I thus read eagerly this reissue of Gramm's 1994 collection of essays "Gettysburg: A Meditation on War and Values." This collection has many of the characteristics that I found admirable in Gramm's essay on the Second Minnesota. Gramm is a long-term and devoted student of the battle of Gettysburg. He writes well and simply about the events of that pivotal battle. But unlike many accounts, such as those by Coddington, Pfanz, Sears, Trudeau, and others, Gramm's book doesn't purport to be a history of the battle. Rather, consists of highly personal reflections on the battle and its significance with discussions of the events of July 1 -- 3, 1863 interwoven with Gramm's thoughts.

In eighteen short essays, Gramm discusses particular events of the battle such as the fighting at McPherson's woods, the seminary, and in the town of Gettysburg itself during the first day.

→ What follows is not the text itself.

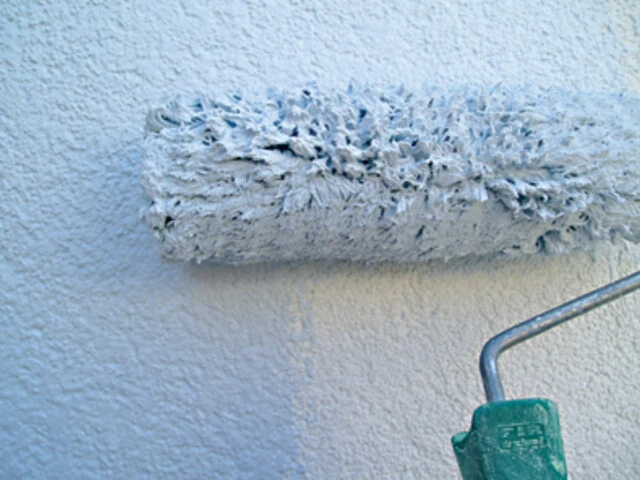 Nahaufnahme auf eine Malerrolle, mit welcher eine Wand mit weißer Egalisationsfarbe gestrichen wird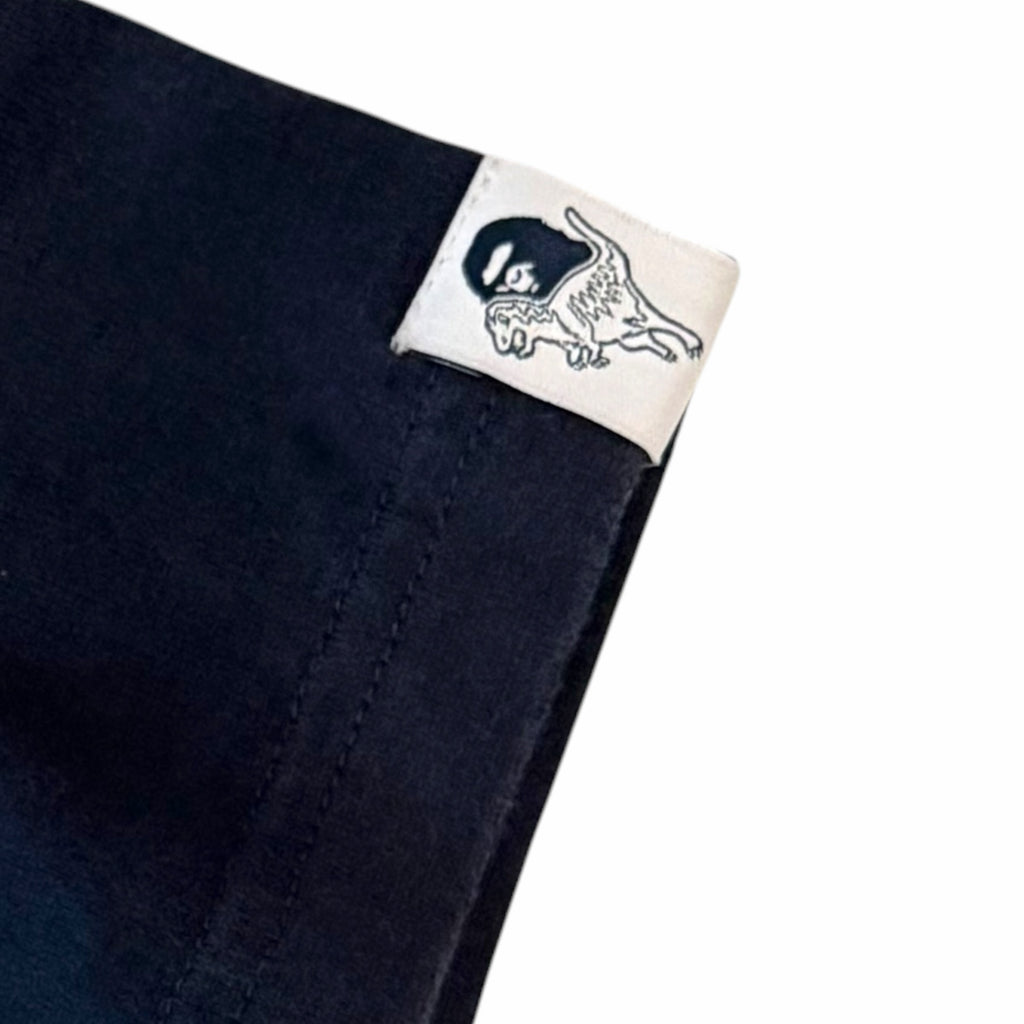 Vangsworld, Inc navy blue cotton t-shirt sleeve featuring a white collaborative BAPE x Coach dinosaur logo tab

He discusses the action at the Round Tops, the Wheatfield, Culp's Hill, and, of course, Pickett's charge among other aspects of the battle. He teaches the reader about the ground and the ambience of Gettysburg then and now and about the personalities that made the battle.

Gramm's reflections are many layered. He is preoccupied with theology and meaning. He writes from a non-denominational, non-fundamentalist Christian perspective that shows a great deal of influence of Eastern religious thought.